Wolfson, now director of Freedom to Marry, says in his book, Why Marriage Matters America, Equality, and Gay People’s Right to Marry: “Civil unions.... are unequal in the security, clarity, and status they provide, unequal in the legal protections that flow from them, unequal in fact as well as in name—and names or words, of course, matter.”

Wolfson is critical of the recent New Jersey Supreme Court ruling: “But I’m not satisfied because the high court opened the door to equality but didn’t finish the job [because it referred the decision to the legislature]. There’s only one way to provide equality and that is by equal treatment.”

How long will bisexuals accept less than “equal treatment” while homosexuals continue to diss civil unions and push for the right to “marry” in other states? Who thinks bisexuals don’t want the same “legitimacy,” “acceptance” and “affirmation” for bisexual behavior that legalized polygamy will provide?
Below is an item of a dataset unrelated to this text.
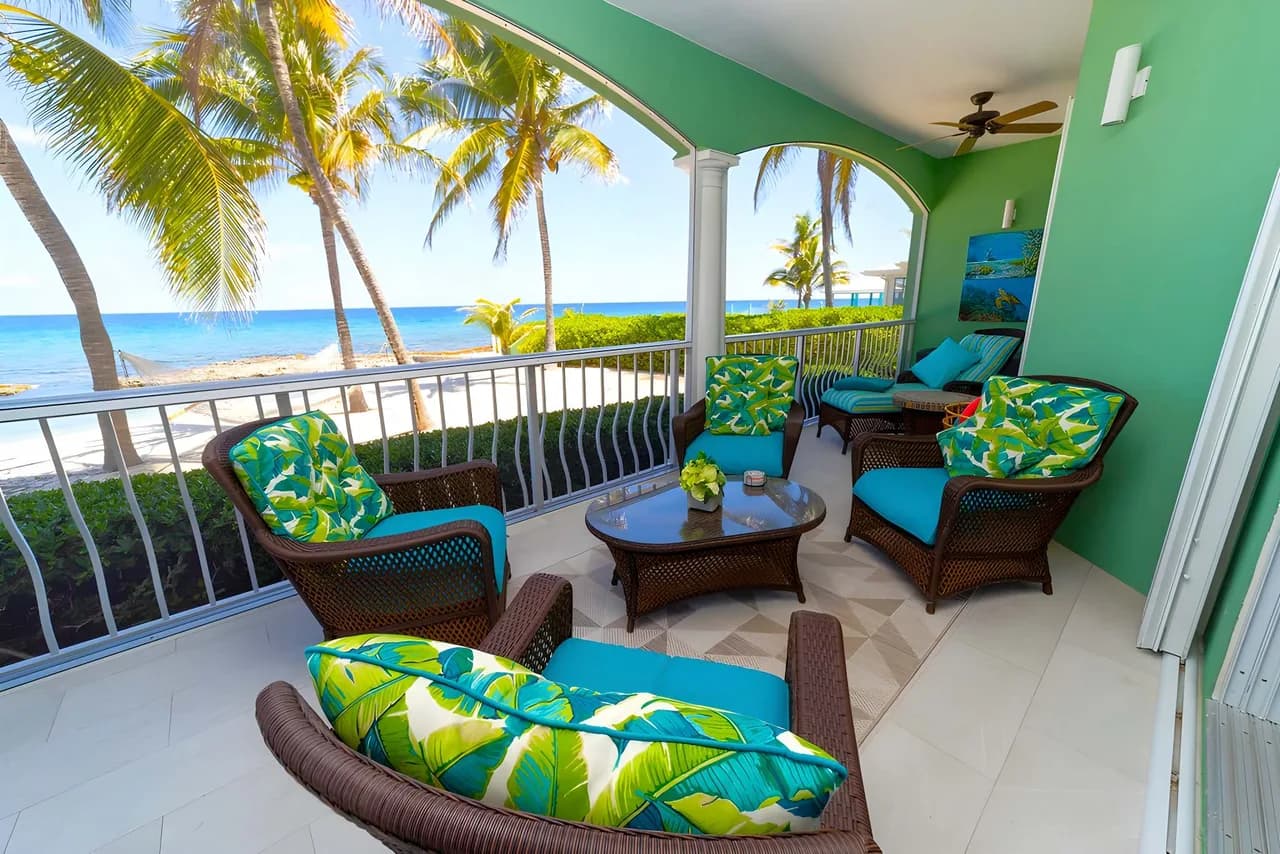 Ocean View Ground Floor Villa in Cayman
How long will they wait for their homosexual “allies” to help them achieve the equal right to “marry” the persons of their choice?

Judge Donald G. Collester Jr., of the New Jersey court of appeals voted to extend marriage to same-sex couples. He said his colleagues exaggerated the ‘specter of polygamy.’ The homosexual plaintiffs ‘do not question the binary aspect of marriage; they embrace it,’ Judge Collester said. Moreover, he said, despite myriad briefs filed in the case, ‘no polygamists have applied” for marriage rights.” (Wetzstein).

It’s notable that in the polygamy cases filed since the Lawrence decision, the plaintiffs have been represented by or supported by amicus briefs by the ACLU or one of its state chapters, but not by a homosexual rights organization.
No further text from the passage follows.